PRESTITI E POLEMICHE, PRESTITI E PERDONO - Arriva il momento dei prestiti. Arriva il momento in cui il campo non è più unico giudice. Cataldi si trasferisce a Genova dove prova a mettersi in mostra, ma un eccesso di gioia gli costa caro. L’esultanza in quel Genoa-Lazio al gol di Pandev porta a una frattura con una parte del popolo laziale. Il tifo organizzato si schiera contro di lui criticando aspramente quel gesto e le sue scuse sui social si rivelano inutili. Quello stesso popolo che per lui significava e significa tutt’ora casa sembrava essere contro di lui. Pare assurdo, quindi, che la prima rinascita di Cataldi arrivi indossando i colori giallo e rosso. A Benevento, infatti, si rimette in luce e coglie la sfida contro la Lazio come una duplice occasione. Gioca bene, realizza un super gol su punizione beffando Strakosha sul suo palo e poi quello sguardo alla Curva Nord, alla quale si rivolge alzando le braccia al cielo, e chiedendo scusa. Un gesto apparentemente banale, ma dietro il quale c’era tutto. C’era l’amarezza, la delusione, ma anche la voglia di ricongiungere quella frattura per lui insopportabile. In quelle mani al cielo, in quello sguardo fisso verso i tifosi c’era tutta la sua voglia di riprovarci, di sfruttare quel momento per guardarli negli occhi e sognare di tornare a far esultare la sua gente.

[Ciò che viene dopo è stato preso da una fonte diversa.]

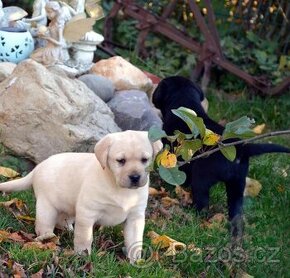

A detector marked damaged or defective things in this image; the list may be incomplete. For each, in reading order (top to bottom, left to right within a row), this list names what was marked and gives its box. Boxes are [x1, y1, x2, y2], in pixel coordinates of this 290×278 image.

rusty metal frame [104, 0, 290, 95] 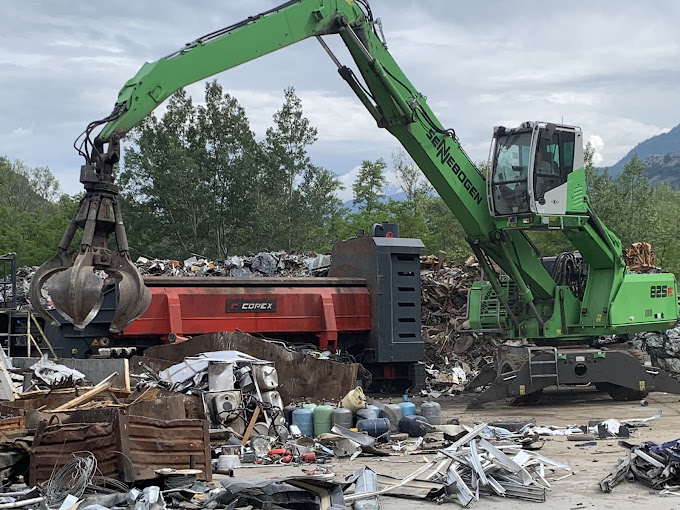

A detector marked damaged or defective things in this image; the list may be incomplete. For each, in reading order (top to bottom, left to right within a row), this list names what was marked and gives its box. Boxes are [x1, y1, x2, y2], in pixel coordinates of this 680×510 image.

rusty metal sheet [143, 330, 362, 406] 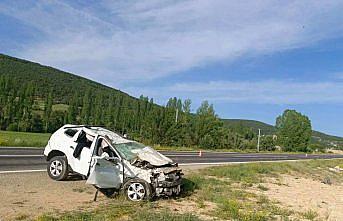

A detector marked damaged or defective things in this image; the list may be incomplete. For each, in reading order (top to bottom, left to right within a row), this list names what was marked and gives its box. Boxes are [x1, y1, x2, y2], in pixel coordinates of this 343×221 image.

wrecked white suv [44, 125, 184, 201]
broken windshield [114, 142, 146, 161] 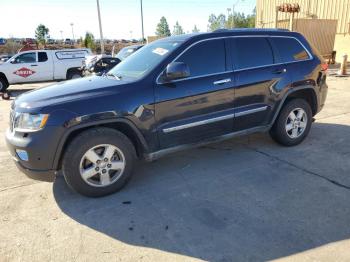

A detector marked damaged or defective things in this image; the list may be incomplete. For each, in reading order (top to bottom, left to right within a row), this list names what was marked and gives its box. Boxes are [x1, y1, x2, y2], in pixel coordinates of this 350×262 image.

cracked concrete ground [0, 77, 350, 260] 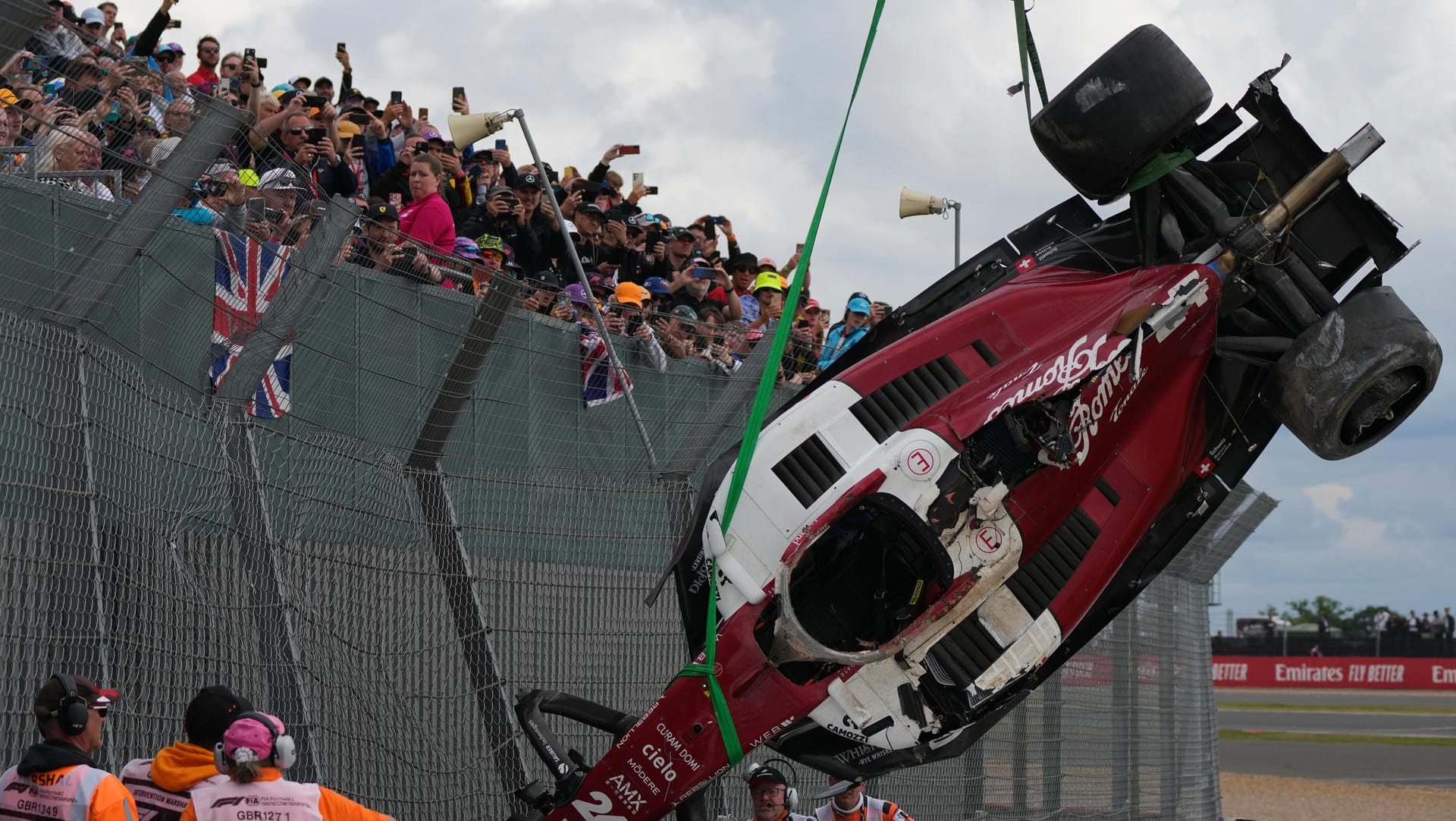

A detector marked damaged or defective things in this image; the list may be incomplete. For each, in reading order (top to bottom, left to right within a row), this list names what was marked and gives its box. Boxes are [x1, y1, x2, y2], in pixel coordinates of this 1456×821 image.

crashed f1 car [507, 24, 1438, 819] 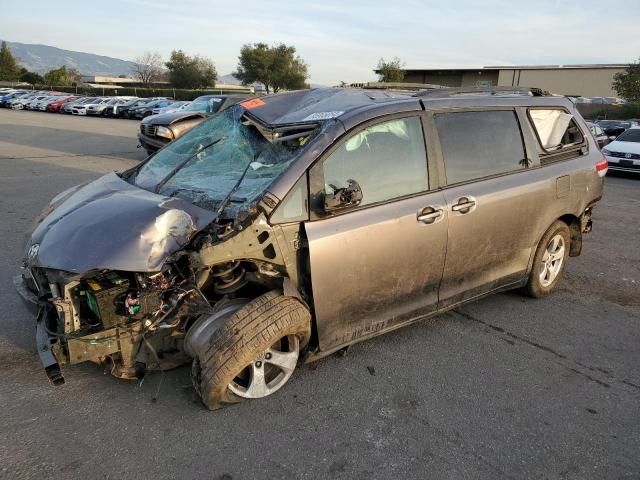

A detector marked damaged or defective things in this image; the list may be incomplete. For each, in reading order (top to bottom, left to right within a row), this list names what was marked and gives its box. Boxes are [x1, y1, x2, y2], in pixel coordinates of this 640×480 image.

shattered windshield [132, 106, 320, 216]
crushed hood [27, 172, 216, 272]
damaged silver minivan [13, 86, 604, 408] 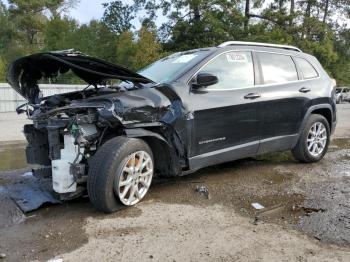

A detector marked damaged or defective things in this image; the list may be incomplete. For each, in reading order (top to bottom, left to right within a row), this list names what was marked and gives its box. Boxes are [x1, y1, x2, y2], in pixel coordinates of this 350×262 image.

damaged headlight area [25, 110, 102, 199]
damaged black suv [7, 41, 336, 213] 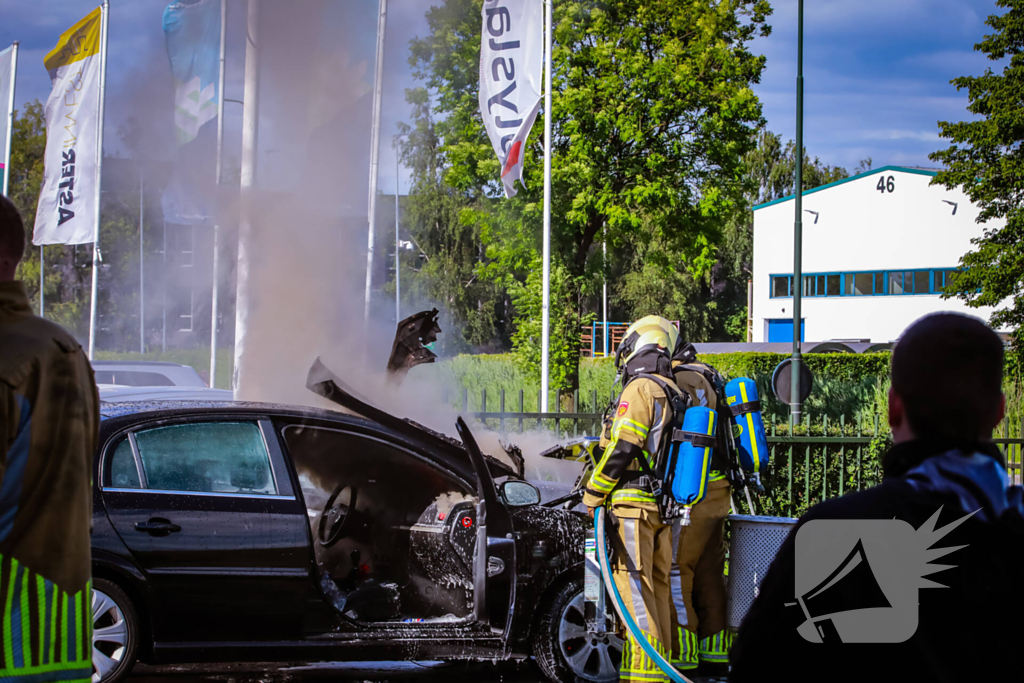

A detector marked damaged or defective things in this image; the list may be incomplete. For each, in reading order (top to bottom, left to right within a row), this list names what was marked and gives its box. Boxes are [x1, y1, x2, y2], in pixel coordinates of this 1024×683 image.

burnt car [92, 362, 618, 683] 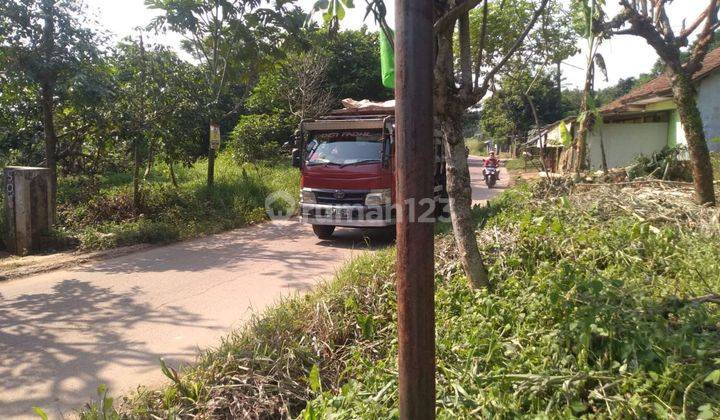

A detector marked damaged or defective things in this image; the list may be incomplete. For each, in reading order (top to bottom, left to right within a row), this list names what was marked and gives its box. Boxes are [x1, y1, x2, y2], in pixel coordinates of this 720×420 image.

UN NUOVO CAPITOLO - Cataldi torna a Roma da uomo. Ha in testa come obiettivo di quello di riprendersi in mano la Lazio. Lavora sodo per convincere Inzaghi, per fargli capire che, oltre a Leiva c’è anche lui. Che dopo un lungo girovagare è arrivato il momento di restare nella Capitale e dare una svolta alla propria carriera. Nel 2019 tocca il cielo con un dito quando segna il 3-0 contro nel derby contro la Roma. Nella sua corsa a petto nudo sotto la Nord c’è tutto il suo amore per quel popolo. C’è tutta la consapevolezza di essersi rimesso sulla strada giusta.
UNA PARABOLA SOTTO IL CIELO DI RIAD - Ed è proprio in quegli anni che la vita di Cataldi subisce una nuova svolta. Danilo cavalca l’entusiasmo del popolo laziale nel 2019 e spinto dai risultati della sua Lazio, trasforma la sua carriera in una parabola, esattamente come quella di un pallone, che calciato sotto il cielo di Riad, va lentamente a infilarsi sotto all'incrocio. La Supercoppa, il primo grande trofeo conquistato da protagonista con la squadra del suo cuore. Il primo grande traguardo di una stagione che riporterà la Lazio a toccare vette che sembravano non spettarle.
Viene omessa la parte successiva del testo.